You are viewing a plain text version of this content. The canonical link for it is here.
Posted to cvs@httpd.apache.org by yl...@apache.org on 2020/06/22 10:36:55 UTC

svn commit: r1879079 - /httpd/httpd/trunk/server/request.c

Author: ylavic
Date: Mon Jun 22 10:36:55 2020
New Revision: 1879079

URL: http://svn.apache.org/viewvc?rev=1879079&view=rev
Log:
Allow for URI-path pre_translate_name before (and/or instead of) decoding.

Apply minimal normalization (AP_NORMALIZE_DECODE_UNRESERVED) first in
ap_process_request_internal() before running pre_translate_name hooks,
such that the hooks can work with undecoded r->uri.

Only if no hook takes "ownership" of the URI (returning OK), apply
percent decoding for the rest of request handling.

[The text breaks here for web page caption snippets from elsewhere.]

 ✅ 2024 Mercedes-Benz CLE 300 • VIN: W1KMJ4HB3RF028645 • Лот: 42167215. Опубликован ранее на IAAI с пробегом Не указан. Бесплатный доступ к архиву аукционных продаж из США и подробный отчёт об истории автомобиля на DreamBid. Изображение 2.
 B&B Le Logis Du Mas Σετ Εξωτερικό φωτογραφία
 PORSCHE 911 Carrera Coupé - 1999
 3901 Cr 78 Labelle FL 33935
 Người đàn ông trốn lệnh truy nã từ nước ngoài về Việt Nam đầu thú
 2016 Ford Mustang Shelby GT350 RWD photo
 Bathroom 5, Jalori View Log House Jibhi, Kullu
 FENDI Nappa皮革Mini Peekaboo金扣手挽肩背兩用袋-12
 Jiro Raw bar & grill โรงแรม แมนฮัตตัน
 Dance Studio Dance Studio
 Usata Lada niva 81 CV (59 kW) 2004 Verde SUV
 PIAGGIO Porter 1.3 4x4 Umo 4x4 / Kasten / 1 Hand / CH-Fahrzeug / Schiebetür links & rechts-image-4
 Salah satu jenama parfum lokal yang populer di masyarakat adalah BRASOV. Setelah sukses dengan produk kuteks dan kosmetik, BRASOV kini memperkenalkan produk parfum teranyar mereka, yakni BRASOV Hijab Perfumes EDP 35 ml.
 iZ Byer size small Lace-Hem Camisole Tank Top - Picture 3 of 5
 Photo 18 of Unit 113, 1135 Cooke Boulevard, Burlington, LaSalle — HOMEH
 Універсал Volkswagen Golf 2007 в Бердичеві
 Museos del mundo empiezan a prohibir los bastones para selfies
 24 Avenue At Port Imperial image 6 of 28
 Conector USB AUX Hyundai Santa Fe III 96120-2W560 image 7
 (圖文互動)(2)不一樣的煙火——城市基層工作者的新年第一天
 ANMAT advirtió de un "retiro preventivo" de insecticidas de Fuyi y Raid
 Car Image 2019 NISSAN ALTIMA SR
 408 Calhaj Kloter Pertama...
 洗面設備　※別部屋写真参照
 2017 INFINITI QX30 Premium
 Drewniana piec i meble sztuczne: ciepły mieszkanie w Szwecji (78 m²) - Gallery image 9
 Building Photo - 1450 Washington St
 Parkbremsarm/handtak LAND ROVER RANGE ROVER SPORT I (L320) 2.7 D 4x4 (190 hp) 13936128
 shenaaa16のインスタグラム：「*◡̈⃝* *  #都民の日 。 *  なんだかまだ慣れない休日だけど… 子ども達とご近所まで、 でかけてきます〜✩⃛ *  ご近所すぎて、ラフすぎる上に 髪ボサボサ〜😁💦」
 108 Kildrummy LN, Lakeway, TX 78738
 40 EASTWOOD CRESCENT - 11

Otherwise r->uri remains
encoded meaning that further location/directory/file/if/.. sections (walks)
should that into account.

Since normalization now happens before decoding, we might have to
re-normalize after decoding if "AllowEncodedSlahes on" transformed any
"%2F" sequence to "/", potentially creating new "/./" or "/../" sequences.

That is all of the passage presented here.